Sheriff outlines plan to change county's 911 system

Updated: Apr 9

MOUND CITY – Linn County Sheriff Kevin Friend and Information Technology (IT) Director Chris Martin presented a proposal to the Linn County Commission about contracting out the 911 service to the Mid-America Regional Council (MARC) on Monday, March 14.

Friend told the commissioners that he and Martin had been researching the project for the last several years but had worked extensively over the last six to eight months see how they could implement the MARC system in Linn County.

Friend said that it was project that would cause the county to operate or use and maintain the county’s 911 system a little bit differently and more effectively. It would also give he and Martin a little bit of freedom from 911, as well as allow the county to use MARC as a contractor.

Currently MARC serves 119 cities and nine counties in two states. They service Ray, Clay, Platte, Jackson, and Cass counties in Missouri. In Kansas, they service Leavenworth, Wyandotte, Johnson and Miami counties.

Of the 105 counties in Kansas, 103 of them are involved in some sort of 911 consortium, said Friend. There is only one other county, Brown County, that does it the way Linn County does it, said Friend.

Friend explained that the 911 tax income fund is a Linn County tax, but it is regulated by the Federal Communication Commission (FCC) and the federal government. The reason they do that is to insure that the money that is collected by that taxation is properly spent. So there are a lot of rules and regulatory measures that have to be met in order to spend those tax dollars.

In 2017, the Linn County Commission approved a resolution that agreed with the federal regulation, that the sheriff would be in charge of that operation and have the availability to spend those 911 dollars. The sheriff said his office had the ability to make the change, but he wanted to bring it to the commission because it is a long-term process that he and Martin believe will save Linn County a good amount of money.

Friend said that the other options that they had looked at were KS 911, but MARC was a better offer in the end. For the county to operate 911 on its own, would cost $40,000 to $60,000 a year.

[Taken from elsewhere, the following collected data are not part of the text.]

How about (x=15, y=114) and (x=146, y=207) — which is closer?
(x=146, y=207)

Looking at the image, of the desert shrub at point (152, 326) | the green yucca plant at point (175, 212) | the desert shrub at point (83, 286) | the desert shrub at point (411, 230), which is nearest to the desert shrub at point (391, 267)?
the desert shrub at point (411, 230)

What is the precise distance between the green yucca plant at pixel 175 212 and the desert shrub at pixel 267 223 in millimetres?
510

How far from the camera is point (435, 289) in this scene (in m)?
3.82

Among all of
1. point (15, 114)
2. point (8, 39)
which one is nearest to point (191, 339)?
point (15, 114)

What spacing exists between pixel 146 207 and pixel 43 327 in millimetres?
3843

Friend explained that the county equipment was due for a refresh this year and when they did that in 2016, it cost $104,000. MARC will charge the county 60 percent of what the county would have had to pay for the upgrade.

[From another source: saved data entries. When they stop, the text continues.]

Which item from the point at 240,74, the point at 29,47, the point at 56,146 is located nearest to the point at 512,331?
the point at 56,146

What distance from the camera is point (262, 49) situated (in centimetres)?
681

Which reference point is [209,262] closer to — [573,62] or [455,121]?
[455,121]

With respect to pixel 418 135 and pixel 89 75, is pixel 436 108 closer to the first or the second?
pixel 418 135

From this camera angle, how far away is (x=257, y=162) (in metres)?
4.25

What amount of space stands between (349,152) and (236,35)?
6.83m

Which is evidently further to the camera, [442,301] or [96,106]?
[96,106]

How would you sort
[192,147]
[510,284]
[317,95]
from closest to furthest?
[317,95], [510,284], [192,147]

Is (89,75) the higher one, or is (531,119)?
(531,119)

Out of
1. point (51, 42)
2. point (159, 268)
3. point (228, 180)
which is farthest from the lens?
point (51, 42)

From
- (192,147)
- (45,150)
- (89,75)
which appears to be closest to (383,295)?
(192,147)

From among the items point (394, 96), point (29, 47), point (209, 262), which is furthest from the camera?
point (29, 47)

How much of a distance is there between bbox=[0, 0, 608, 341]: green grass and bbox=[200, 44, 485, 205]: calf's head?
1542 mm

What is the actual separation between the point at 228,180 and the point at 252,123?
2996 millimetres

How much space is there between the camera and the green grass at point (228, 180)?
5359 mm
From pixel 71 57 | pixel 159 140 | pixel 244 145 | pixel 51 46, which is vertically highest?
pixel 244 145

The annual fee for MARC will be $40,600 per year or $3,300 per month. This is based on the county’s 2020 census numbers and will not be revisited until the 2030 census. MARC will maintain and repair everything from dispatchers’ headsets to servers.

Friend told the commissioners that they pay Lumen Technologies, previously CenturyLink, about $20,000 to $30,000 per year for the 911 service. But if they contract with MARC, they will take care of that bill. They take care of everything for the system.

Friend told the commissioners that some of the county’s 911 equipment is so old that the county cannot get maintenance contracts on it, so that work has fallen on Martin. Friend said that his department takes a load of Martin’s time just working on the sheriff’s 911 equipment.

He said they were bringing it to the commissioners today because it is going to affect the time frame of the move of communications. The county can’t join MARC in a day, and the county probably will not be able to move its dispatch system until July or August.

Friend told the commissioners that the 911 tax had brought in $161,000 in 2021, $199,000 in 2020, $169,00 in 2019, $136,000 in 2018, $88,000 in 2017, $51,000 in 2016, and $86,000 in 2015.

“I tell you that (the amount of money collected) because what I want the commission to really have an understanding for is that you represent the people and this project would be a service to the people. It’s a pure service because when you call 911 you have expectations.

MARC will have two lines that come to Linn County and there will be no redundancy. So if one of the lines gets cut, the other one is still working. An example of this is if an AT&T line in Miami County gets cut, and CenturyLink is connected on that line further down, CenturyLink will be cut off also. The lines will not be connected together anywhere.

Friend said that he did not need a grand approval or a resolution. But he added that a head nod would be worth everything, because then he could say that the people who represented the people believe this is the best action.

The commissioners agreed that this was the best option and started problem solving with Friend and Martin about the need for a generator to continue to run the dispatch office in the old building through July or August until the office moves to the Justice Center. The generator currently at the sheriff’s office will be moved to the Justice Center when it opens.

Discussion was held about moving the generator from the emergency management office in Pleasanton to the old dispatch office. The generator at the dispatch office also runs the telephones and other equipment in the court house. At present, according to Martin, the generator at the emergency management is underutilized for its size and would be a better fit for the dispatch office.

County Clerk David Lamb, said that Emergency Management Coordinator Doug Barlet had expressed his concern that this was happening during storm season.

A smaller generator on a trailer will be moved to the emergency management office until a more permanent generator is purchased.